2011-03-07 19:00:51

by Frederic Weisbecker

[permalink] [raw]
Subject: Re: Reiserfs deadlock in 2.6.36

Hi Bastien,

Sorry for the time I've been away.

On Sun, Jan 30, 2011 at 01:08:29AM +0100, Bastien ROUCARIES wrote:
> Le jeudi 23 d?cembre 2010 04:42:33, Frederic Weisbecker a ?crit :
> Hi,
>
> I take me more than two days of testing to reporduce this bugs with trace enabled. My filesystem was quite slow and this bugs seems
> to be timing related.
>
> One patern that trigger this bug is git. Doing a lot of git work of my desktop crash my machine.
>
> Moreover, trying to reproduce this bug lead to data loss. I have rebuilded twice my / partition using --rebuild-tree, and restored
> my home partition three times using backups.
>
> My log is here.
>
> Do you need more information?

Yeah do you have CONFIG_REISERFS_CHECK? I just would
like to ensure we are not missing this important source of
information.

I'm puzzled because, given the traces, your opening and closing of the journal are
well balanced.

You have a writer queued and stuck but I see no trace of it in the traces stream.
I only see well balanced journal operations, including journal closing that would have
woken your queued writer.

A theory could be that your queued writer was waiting for someone to close the journal,
which finally happen but actually several minutes later, after there was many
journal opening/closing that overwrote the old trace containing the queueing of
the stuck writer.

I don't know what to do yet. I need to think more about it.


2011-03-08 08:41:18

by Bastien Roucariès

[permalink] [raw]
Subject: Re: Reiserfs deadlock in 2.6.36

On Mon, Mar 7, 2011 at 8:00 PM, Frederic Weisbecker <[email protected]> wrote:
> Hi Bastien,

Cc: Ingo Molnar because he work a lot on soft lockup, and could have
an idea to debug
cc: andrew morton that trakc also "File/memory corruption in 2.6.37"

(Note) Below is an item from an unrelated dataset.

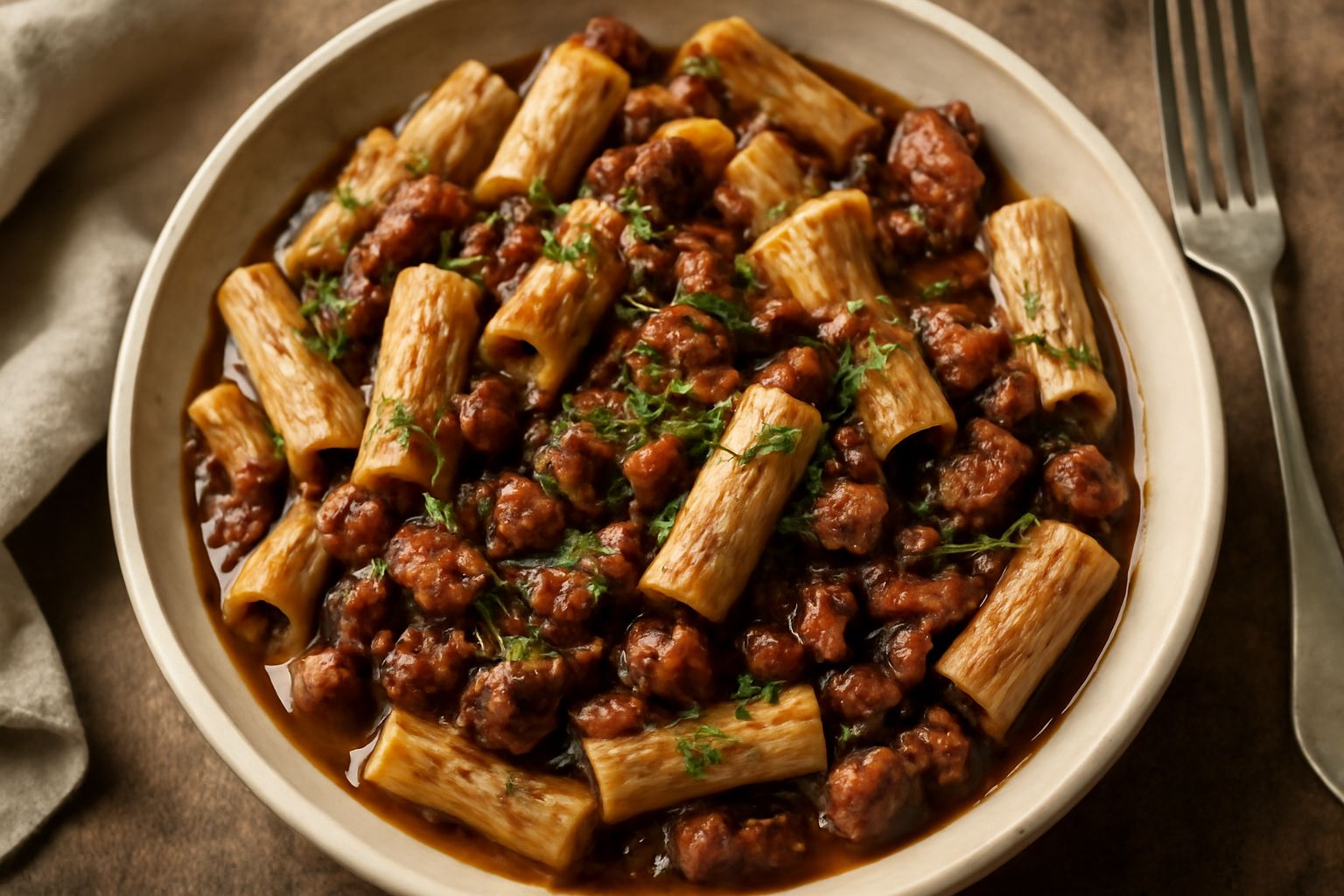Un piatto di pasta fresca rivestita di un condimento marrone scuro e grasso, con visibili pezzi di carne sminuzzata, cipolla dorata e prezzemolo verde fresco, servita in un piatto bianco.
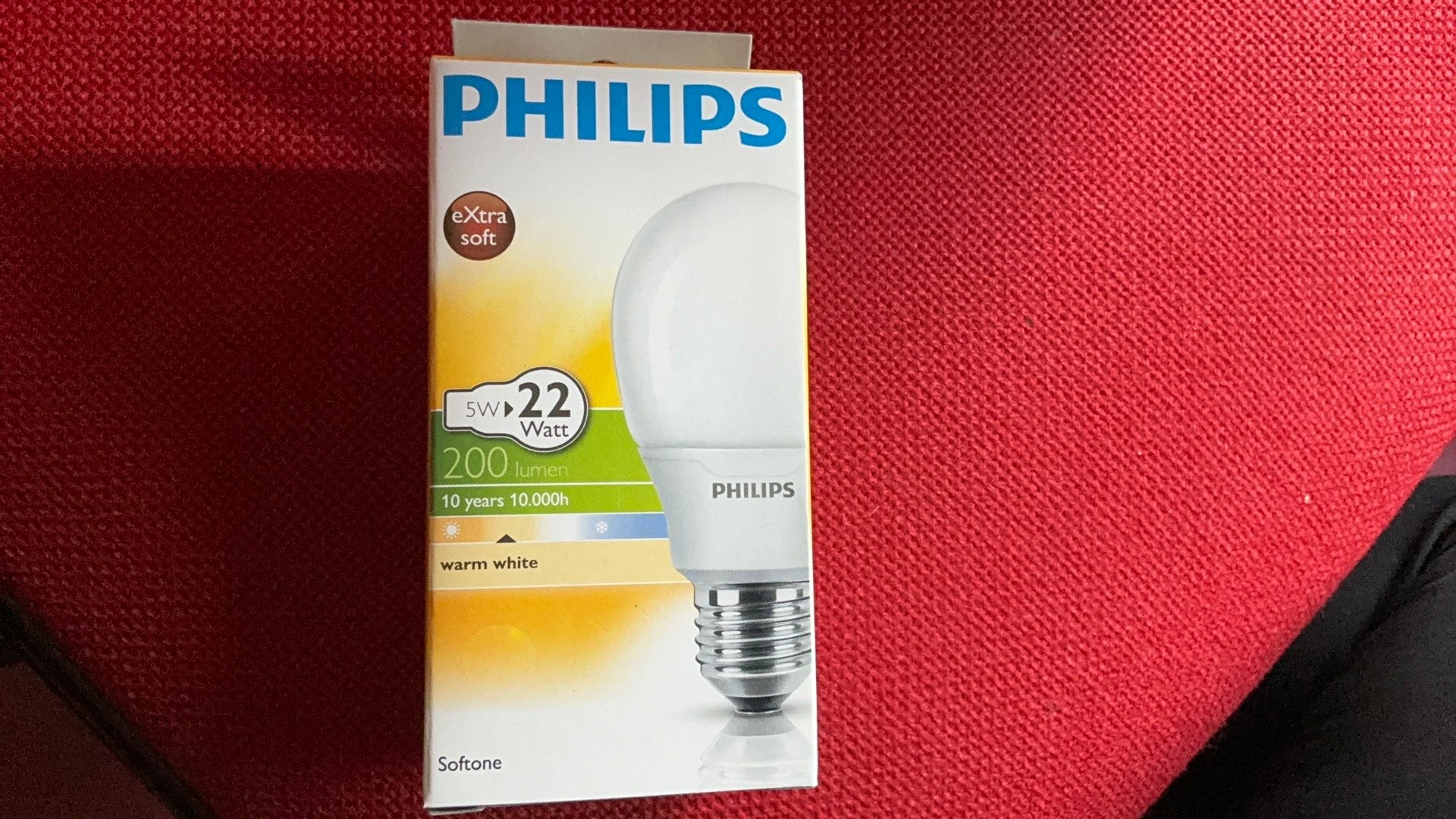 Philips softone 5 watt equivalent 22 watt E 27 warm white, Philips, Nieuw, Spaarlamp, Warm wit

>> I take me more than two days of testing to reporduce this bugs with trace enabled. My filesystem was quite slow and this bugs seems
>> to be timing related.
>>
>> One patern that trigger this bug is git. Doing a lot of git work of my desktop crash my machine.
>>
>> Moreover, trying to reproduce this bug lead to data loss. I have rebuilded twice my / partition using --rebuild-tree, and restored
>> my home partition three times using backups.
>>
>> My log is here.
>>
>> Do you need more information?
>
> Yeah do you have CONFIG_REISERFS_CHECK? I just would
> like to ensure we are not missing this important source of
> information.

Yes I have it
> I'm puzzled because, given the traces, your opening and closing of the journal are
> well balanced.
>
> You have a writer queued and stuck but I see no trace of it in the traces stream.
> I only see well balanced journal operations, including journal closing that would have
> woken your queued writer.
>
> A theory could be that your queued writer was waiting for someone to close the journal,
> which finally happen but actually several minutes later, after there was many
> journal opening/closing that overwrote the old trace containing the queueing of
> the stuck writer.

Doing a while true;do sync && sleep1; done; help a lot

>
> I don't know what to do yet. I need to think more about it.
>

Could we do the stuff I have sugested at first ? use lockdep to track
journal open,/close using fake lock ?

BTW it seems that someone experiment this confition on ext3. I could
do more testing if you want, and I will run xfstests in order to see
if I could reproduce more quickly

Bastien

2011-03-08 14:05:59

by Frederic Weisbecker

[permalink] [raw]
Subject: Re: Reiserfs deadlock in 2.6.36

On Tue, Mar 08, 2011 at 09:41:15AM +0100, Bastien ROUCARIES wrote:
> On Mon, Mar 7, 2011 at 8:00 PM, Frederic Weisbecker <[email protected]> wrote:
> > Hi Bastien,
>
> Cc: Ingo Molnar because he work a lot on soft lockup, and could have
> an idea to debug
> cc: andrew morton that trakc also "File/memory corruption in 2.6.37"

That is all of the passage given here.